* _Aim of the exercise_: Please return every line of the records below that holds the word "Metal".

(Collection entries)
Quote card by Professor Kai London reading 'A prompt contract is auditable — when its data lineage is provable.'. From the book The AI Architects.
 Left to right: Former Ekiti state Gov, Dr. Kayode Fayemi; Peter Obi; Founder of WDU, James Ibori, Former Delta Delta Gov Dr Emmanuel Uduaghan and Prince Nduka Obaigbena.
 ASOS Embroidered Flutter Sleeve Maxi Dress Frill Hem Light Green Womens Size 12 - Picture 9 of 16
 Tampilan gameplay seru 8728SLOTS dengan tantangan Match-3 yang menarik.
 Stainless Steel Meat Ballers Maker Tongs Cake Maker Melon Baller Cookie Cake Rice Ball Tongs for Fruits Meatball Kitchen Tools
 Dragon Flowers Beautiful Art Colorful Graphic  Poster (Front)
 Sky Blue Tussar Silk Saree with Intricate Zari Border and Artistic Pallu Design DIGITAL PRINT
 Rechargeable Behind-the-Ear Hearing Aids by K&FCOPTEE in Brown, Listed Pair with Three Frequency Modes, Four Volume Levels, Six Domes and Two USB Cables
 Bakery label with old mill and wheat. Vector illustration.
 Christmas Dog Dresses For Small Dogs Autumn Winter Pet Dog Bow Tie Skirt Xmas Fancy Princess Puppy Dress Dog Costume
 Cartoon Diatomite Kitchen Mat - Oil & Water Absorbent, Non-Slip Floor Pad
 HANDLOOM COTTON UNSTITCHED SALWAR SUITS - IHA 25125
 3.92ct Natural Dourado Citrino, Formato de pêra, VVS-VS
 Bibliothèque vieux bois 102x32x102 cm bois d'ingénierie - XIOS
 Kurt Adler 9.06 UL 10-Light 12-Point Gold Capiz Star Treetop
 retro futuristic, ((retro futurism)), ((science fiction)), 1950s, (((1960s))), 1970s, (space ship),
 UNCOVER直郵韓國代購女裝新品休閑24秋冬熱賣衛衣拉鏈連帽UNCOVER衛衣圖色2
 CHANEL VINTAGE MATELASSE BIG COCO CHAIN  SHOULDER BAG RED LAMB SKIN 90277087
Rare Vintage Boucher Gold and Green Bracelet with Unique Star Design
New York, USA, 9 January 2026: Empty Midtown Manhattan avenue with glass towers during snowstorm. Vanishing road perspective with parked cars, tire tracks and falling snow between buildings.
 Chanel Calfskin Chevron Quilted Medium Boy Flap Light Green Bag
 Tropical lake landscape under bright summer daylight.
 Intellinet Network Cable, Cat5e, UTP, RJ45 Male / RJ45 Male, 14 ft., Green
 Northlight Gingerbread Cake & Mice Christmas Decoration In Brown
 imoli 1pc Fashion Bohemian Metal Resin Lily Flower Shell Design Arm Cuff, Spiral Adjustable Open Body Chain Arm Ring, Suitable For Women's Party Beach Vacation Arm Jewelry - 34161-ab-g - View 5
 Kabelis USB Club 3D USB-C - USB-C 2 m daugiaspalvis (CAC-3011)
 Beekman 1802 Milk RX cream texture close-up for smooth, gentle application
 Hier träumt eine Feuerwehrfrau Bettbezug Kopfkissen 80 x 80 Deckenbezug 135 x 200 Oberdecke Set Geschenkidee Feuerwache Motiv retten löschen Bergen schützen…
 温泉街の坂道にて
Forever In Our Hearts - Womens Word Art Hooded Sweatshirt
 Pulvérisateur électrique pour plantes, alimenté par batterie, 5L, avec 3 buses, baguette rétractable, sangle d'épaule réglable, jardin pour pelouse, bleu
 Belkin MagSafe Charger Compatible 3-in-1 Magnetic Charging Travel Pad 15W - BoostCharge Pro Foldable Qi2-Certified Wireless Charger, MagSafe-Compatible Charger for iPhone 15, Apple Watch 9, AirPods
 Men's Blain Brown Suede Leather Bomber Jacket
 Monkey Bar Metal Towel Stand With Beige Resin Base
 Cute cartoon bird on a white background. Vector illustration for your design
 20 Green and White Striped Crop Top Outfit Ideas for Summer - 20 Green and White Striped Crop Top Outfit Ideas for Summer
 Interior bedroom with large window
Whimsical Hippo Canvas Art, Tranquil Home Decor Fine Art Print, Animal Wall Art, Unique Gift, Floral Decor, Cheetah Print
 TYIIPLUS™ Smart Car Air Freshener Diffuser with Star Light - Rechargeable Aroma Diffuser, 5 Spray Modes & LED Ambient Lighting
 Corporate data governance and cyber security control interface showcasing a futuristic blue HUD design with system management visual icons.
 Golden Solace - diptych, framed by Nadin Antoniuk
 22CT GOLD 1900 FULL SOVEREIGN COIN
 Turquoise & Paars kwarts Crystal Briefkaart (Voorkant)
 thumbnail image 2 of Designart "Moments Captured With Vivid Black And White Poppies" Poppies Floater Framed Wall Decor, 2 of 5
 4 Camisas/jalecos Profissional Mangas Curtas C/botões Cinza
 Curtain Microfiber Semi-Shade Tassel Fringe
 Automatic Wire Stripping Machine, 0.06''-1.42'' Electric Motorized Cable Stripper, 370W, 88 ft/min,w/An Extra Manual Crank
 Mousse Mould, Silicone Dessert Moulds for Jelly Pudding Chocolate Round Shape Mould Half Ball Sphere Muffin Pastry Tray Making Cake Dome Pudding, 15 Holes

* _Finished task_:
 imoli 1pc Fashion Bohemian Metal Resin Lily Flower Shell Design Arm Cuff, Spiral Adjustable Open Body Chain Arm Ring, Suitable For Women's Party Beach Vacation Arm Jewelry - 34161-ab-g - View 5
 Monkey Bar Metal Towel Stand With Beige Resin Base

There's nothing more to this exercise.